Isaiah 40:6-8 Hebrew, English, and Commentary

The first voice crying out in vs. 3 said to prepare the way for the Glory of Hashem’s return to Jerusalem. The second crier says mighty nations will wither under Hashem’s breath like grass. Later in vss. 23-24 this message will be clarified: he brings princes to nothing when he blows on them. But that same breath does something beautiful in Jerusalem.

Isaiah 40:6

קוֹל אֹמֵר קְרָא

וְאָמַר מָה אֶקְרָא

כָּל־הַבָּשָׂר חָצִיר

וְכָל־חַסְדּוֹ כְּצִיץ הַשָּׂדֶה׃

A voice says, “Cry out.”

And he said, “What shall I cry?”

“All flesh is grass,

and all its goodness is like the flowers of a field.”

 

Isaiah 40:7

יָבֵשׁ חָצִיר נָבֵל צִיץ

כִּי רוּחַ יְהוָה נָשְׁבָה בּוֹ

אָכֵן חָצִיר הָעָם׃

“Grass dries up, flowers wither,

because the breath of Hashem blows on them;

truly the people are grass.

 

Isaiah 40:8

יָבֵשׁ חָצִיר נָבֵל צִיץ

וּדְבַר־אֱלֹהֵינוּ יָקוּם לְעוֹלָם׃

“Grass dries up, flowers wither,

but the word of our God will stand forever.”

 

A few translation notes:

חַסְדּוֹ in vs. 6 is חֶסֶד with a suffixed “his.” The usual meaning of the word is lovingkindness, devoted love, covenant loyalty. Here it seems to mean in some sense merit, goodness, or worth. Some have suggested beauty, but this comes from later use in post-biblical Hebrew. The hesed of flesh/grass here refers to its ability to give hesed, and if hesed is the most valued trait of human life, then it is its worth or its goodness.

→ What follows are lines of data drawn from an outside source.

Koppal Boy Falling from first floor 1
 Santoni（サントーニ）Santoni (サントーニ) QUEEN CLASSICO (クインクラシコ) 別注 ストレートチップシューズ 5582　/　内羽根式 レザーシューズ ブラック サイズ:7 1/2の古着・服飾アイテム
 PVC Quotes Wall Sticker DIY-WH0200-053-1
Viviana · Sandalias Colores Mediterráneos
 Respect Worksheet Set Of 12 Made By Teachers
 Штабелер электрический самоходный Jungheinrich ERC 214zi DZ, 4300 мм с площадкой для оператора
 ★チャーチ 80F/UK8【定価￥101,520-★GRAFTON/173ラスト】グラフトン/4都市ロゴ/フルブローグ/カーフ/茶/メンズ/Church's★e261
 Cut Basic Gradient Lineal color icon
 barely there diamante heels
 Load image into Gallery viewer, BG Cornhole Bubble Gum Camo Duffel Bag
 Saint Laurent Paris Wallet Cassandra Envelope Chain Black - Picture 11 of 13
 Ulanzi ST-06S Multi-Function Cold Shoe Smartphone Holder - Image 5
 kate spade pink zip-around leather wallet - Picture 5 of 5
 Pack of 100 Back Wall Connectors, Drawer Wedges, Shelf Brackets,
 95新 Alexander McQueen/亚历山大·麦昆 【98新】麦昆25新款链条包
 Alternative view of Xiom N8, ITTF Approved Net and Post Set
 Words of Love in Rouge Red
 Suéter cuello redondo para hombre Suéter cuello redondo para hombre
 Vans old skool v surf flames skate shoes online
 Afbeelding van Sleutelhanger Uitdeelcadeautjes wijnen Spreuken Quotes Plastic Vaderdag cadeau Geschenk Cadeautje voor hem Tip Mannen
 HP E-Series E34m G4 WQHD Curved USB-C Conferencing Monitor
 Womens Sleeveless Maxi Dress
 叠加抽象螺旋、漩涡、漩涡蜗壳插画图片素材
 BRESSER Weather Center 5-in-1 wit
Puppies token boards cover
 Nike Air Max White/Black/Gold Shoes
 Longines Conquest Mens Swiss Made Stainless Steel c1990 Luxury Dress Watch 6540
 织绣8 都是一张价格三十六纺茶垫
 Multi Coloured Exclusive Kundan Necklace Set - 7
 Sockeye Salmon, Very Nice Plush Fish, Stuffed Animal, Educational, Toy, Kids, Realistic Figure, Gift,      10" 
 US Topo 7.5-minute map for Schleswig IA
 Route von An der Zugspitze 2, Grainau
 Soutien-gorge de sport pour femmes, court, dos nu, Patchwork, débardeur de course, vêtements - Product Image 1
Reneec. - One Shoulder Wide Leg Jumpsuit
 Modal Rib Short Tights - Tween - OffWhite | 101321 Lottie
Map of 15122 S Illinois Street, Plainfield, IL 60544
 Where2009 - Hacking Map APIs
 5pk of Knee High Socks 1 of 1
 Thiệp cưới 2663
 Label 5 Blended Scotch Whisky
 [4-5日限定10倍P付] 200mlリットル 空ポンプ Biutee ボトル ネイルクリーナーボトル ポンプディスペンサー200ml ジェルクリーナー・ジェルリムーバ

In vs. 7, I have translated בּוֹ as “on them,” though it literally is “on it.” Grass and flowers are viewed as a collective, so “it” is not incorrect, but I felt “them” was better.

רוּחַ יְהוָה could be “wind” or “spirit,” but “breath” seemed more personal than “wind” and blowing is not a function of “spirit.”

Commentary:

In vs. 7, the emphasis on the fleeting nature of human society serves the overall message: Hashem has brought about great changes in the face of human politics in a short time by his standards. Empires that seemed mighty were fleeting things to God.

Vs. 8 repeats the first poetic line to make a contrast between two things: the cursory nature of human realms vs. the lasting effect of the divine will in worldly affairs. People are grass but the divine will makes an eternal difference.

The situation is the exile and Jerusalem’s ruin sometime during the 586-539 BCE period. The place is most likely Jerusalem and not Babylon. The exiles of Judea and survivors in Jerusalem feel defeated and hopeless and the empire that defeated them seems eternal. It is not. Like grass, God will blow on it and make it wither. But he will make flowers grow in Jerusalem by the same breath.